Aaron Hernandez sits with attorney Charles Rankin. (AP)
Aaron Hernandez sits with attorney Charles Rankin. (AP)

FALL RIVER, Mass. – Aaron Hernandez understood that anything and everything he said into the phone at the Bristol County (Mass.) House of Corrections would be recorded, reprinted and potentially used against him.

"Hey, [watch] what you say," he told his aunt, Tanya Singleton. "The phone is recorded."

"I know, I know, I know," she said back.

So the select transcripts of 23 conversations Hernandez had with Singleton, live-in girlfriend Shayanna Jenkins and others, including Mike Pouncey, a former Florida Gator teammate and current Miami Dolphin, were controlled, careful and mostly innocuous.

Some of them, though, are rather telling. And if nothing else, the prosecution may have wanted them admitted into evidence just to get them made public and potentially drive a wedge into the Hernandez camp, of which any defection could seal the murder case against the former New England Patriots star.

Hernandez is on trial here at Bristol County Superior Court for the June 17, 2013, murder of Odin Lloyd, a friend found shot to death in an undeveloped industrial area near Hernandez's North Attleboro, Mass., home. Hernandez has pleaded not guilty.

His defense filed a motion Wednesday to suppress the jailhouse calls, claiming they are unduly prejudicial, contain hearsay and violated Hernandez's Fifth, Sixth and Fourteenth Amendment rights. Superior Court Judge E. Susan Garsh has yet to make a ruling.

If any of the conversations can be considered remotely damning, it's the ones which came after Singleton was jailed for not cooperating with authorities during the investigation. She was eventually sentenced to two years of home confinement.

Shayanna Jenkins (AP)
Shayanna Jenkins (AP)

In other phone conversations, Hernandez repeatedly tried to get family members to forward his love to Singleton and asked Jenkins to put $500 on her jail account to help with extra food at the canteen or other needs.

Jenkins wasn't thrilled with the plan.

"I don't know why you keep …" Jenkins said.

"She's got no money in jail," Hernandez responded.

"I under – Aaron, I understand that, but why do I have to keep being the one to do that?" Jenkins asked. She later implied that being involved in such a thing might be against the legal advice of her attorneys. Jenkins has been charged with lying to a grand jury, although she has been offered a plea deal if she testifies in Hernandez's murder trial.

"I'm trying to follow what my lawyers are telling me to follow, and then you keep trying to have me do other things," Jenkins said.

Having Jenkins hesitant to help Hernandez's own aunt, who has been extremely loyal, can't help things.

Then there is Hernandez setting up a trust fund for two boys, presumably young relatives, and discussing it with what the jail deemed an unknown female. The two kids can get the fund at age 18 where it might mature to up to $250,000, according to Hernandez.
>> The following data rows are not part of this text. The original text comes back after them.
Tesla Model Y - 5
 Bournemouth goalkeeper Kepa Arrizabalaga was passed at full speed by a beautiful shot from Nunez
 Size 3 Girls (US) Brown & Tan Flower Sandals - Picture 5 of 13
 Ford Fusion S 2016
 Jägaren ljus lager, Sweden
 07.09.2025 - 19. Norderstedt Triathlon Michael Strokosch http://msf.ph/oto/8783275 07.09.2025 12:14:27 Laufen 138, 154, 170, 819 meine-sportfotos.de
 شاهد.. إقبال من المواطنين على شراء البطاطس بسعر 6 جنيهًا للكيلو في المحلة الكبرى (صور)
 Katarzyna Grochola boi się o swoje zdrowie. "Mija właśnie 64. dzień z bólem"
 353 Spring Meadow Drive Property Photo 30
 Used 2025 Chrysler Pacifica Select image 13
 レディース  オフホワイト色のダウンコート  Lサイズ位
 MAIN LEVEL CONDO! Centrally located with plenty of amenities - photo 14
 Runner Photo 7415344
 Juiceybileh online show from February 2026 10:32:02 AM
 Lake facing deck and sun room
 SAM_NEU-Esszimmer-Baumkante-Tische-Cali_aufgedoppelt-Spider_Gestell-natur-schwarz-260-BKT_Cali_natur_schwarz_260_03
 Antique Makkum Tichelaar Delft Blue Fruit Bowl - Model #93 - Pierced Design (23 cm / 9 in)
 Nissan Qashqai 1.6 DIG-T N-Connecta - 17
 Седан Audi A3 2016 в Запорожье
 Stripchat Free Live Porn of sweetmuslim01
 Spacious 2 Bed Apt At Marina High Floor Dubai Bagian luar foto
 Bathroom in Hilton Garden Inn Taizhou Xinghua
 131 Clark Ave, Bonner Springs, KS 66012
(There's a separate fund for his now 2-year-old daughter that Hernandez claims could one day be worth $6 million.)

"Don't tell nobody," Hernandez asked. "I don't want nobody to know about it. And I ain't even telling my girl, nobody."

Well, his girl, Jenkins, knows now. The prosecution is desperate for Jenkins to flip on Hernandez. She has an immunity deal on the table protecting her from self-incrimination and compelling her to either testify at trial or stand in contempt of court and likely jailed.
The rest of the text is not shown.